- Dadikh Location in Syria
- Coordinates: 35°48′1″N 36°43′50″E﻿ / ﻿35.80028°N 36.73056°E
- Country: Syria
- Governorate: Idlib
- District: Idlib District
- Subdistrict: Saraqib Nahiyah

Population (2004)
- • Total: 2,674
- Time zone: UTC+2 (EET)
- • Summer (DST): UTC+3 (EEST)
- City Qrya Pcode: C3910

= Dadikh =

Dadikh (داديخ) is a Syrian village located in Saraqib Nahiyah in Idlib District, Idlib. According to the Syria Central Bureau of Statistics (CBS), Dadikh had a population of 2674 in the 2004 census.

==Syrian Civil War==

Following the 'Dawn of Idlib 2' campaign, Dadikh became a part of the heavily contested Idlib frontline between Syrian military and Jihadist forces.

On 9 April 2022, two Syrian Army soldiers, including a captain, were killed in the village after HTS forces launched a sniping operation in the area.

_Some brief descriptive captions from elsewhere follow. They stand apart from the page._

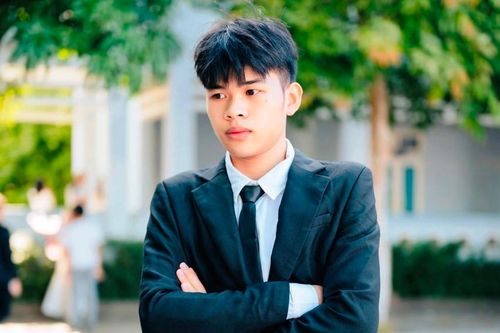 Chàng trai người Thái hiện thực hóa ước mơ trở thành chiến sĩ an ninh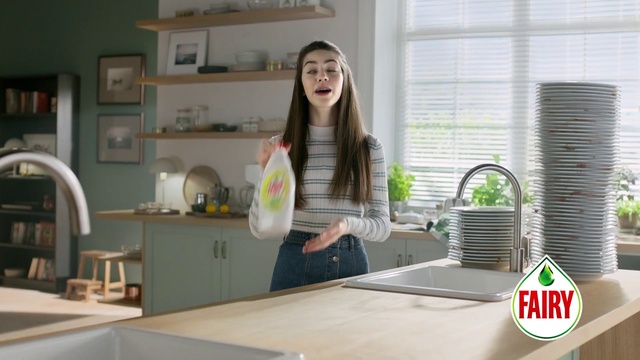 Video Reference: Table, Tap, Kitchen sink, Countertop, Tableware, Window, Sleeve, Kitchen, Cooking, Wood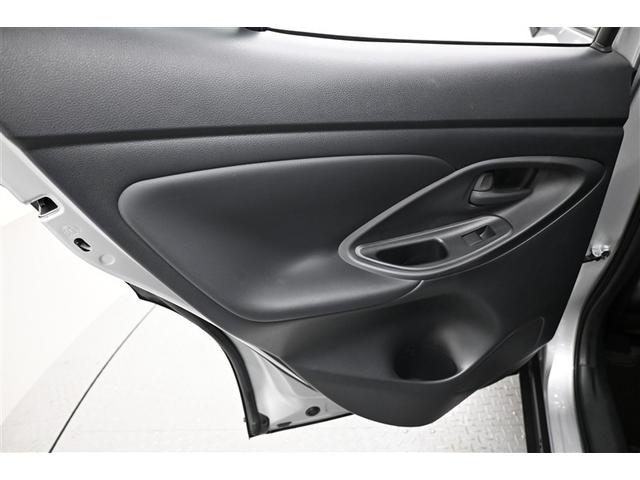 ヤリスクロス Ｇ　ＤＶＤ再生機能　バックモニター　アルミ　スマートキ　定期点検記録簿　ＬＥＤヘッド　横滑り防止　盗難防止システム　フルオートエアコン　キーレスエントリー　クルーズコントロール　パワーステアリング（32枚目）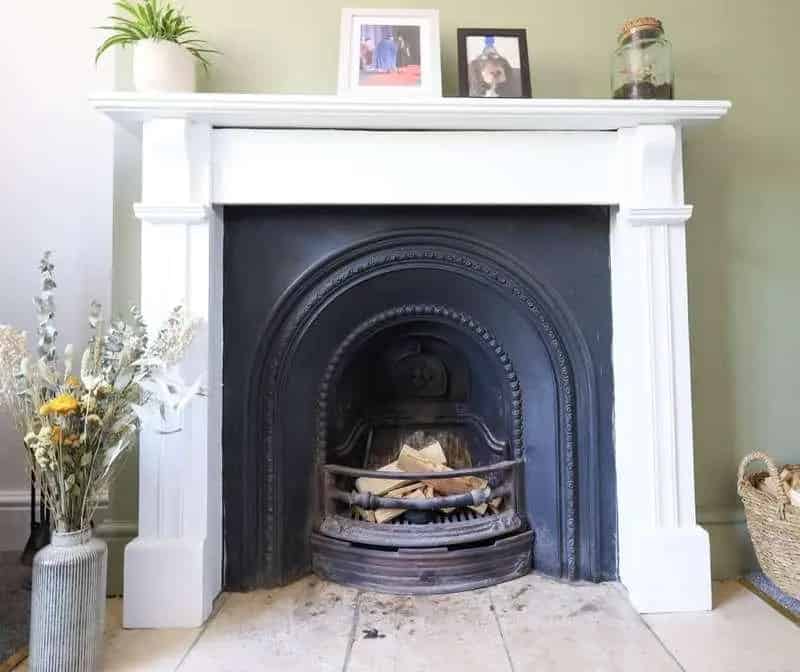 2 Bed Period Cottage for Sale in Cowfold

On 11 December 2022, HTS militants launched an Inghimasi attack on a Syrian Army position on the outskirts of the village, killing at least 2 Syrian soldiers. The military position was blown up and destroyed during the attack.

On 28 November 2024, the Syrian Salvation Government led by Tahrir al-Sham captured the village from the Syrian Army.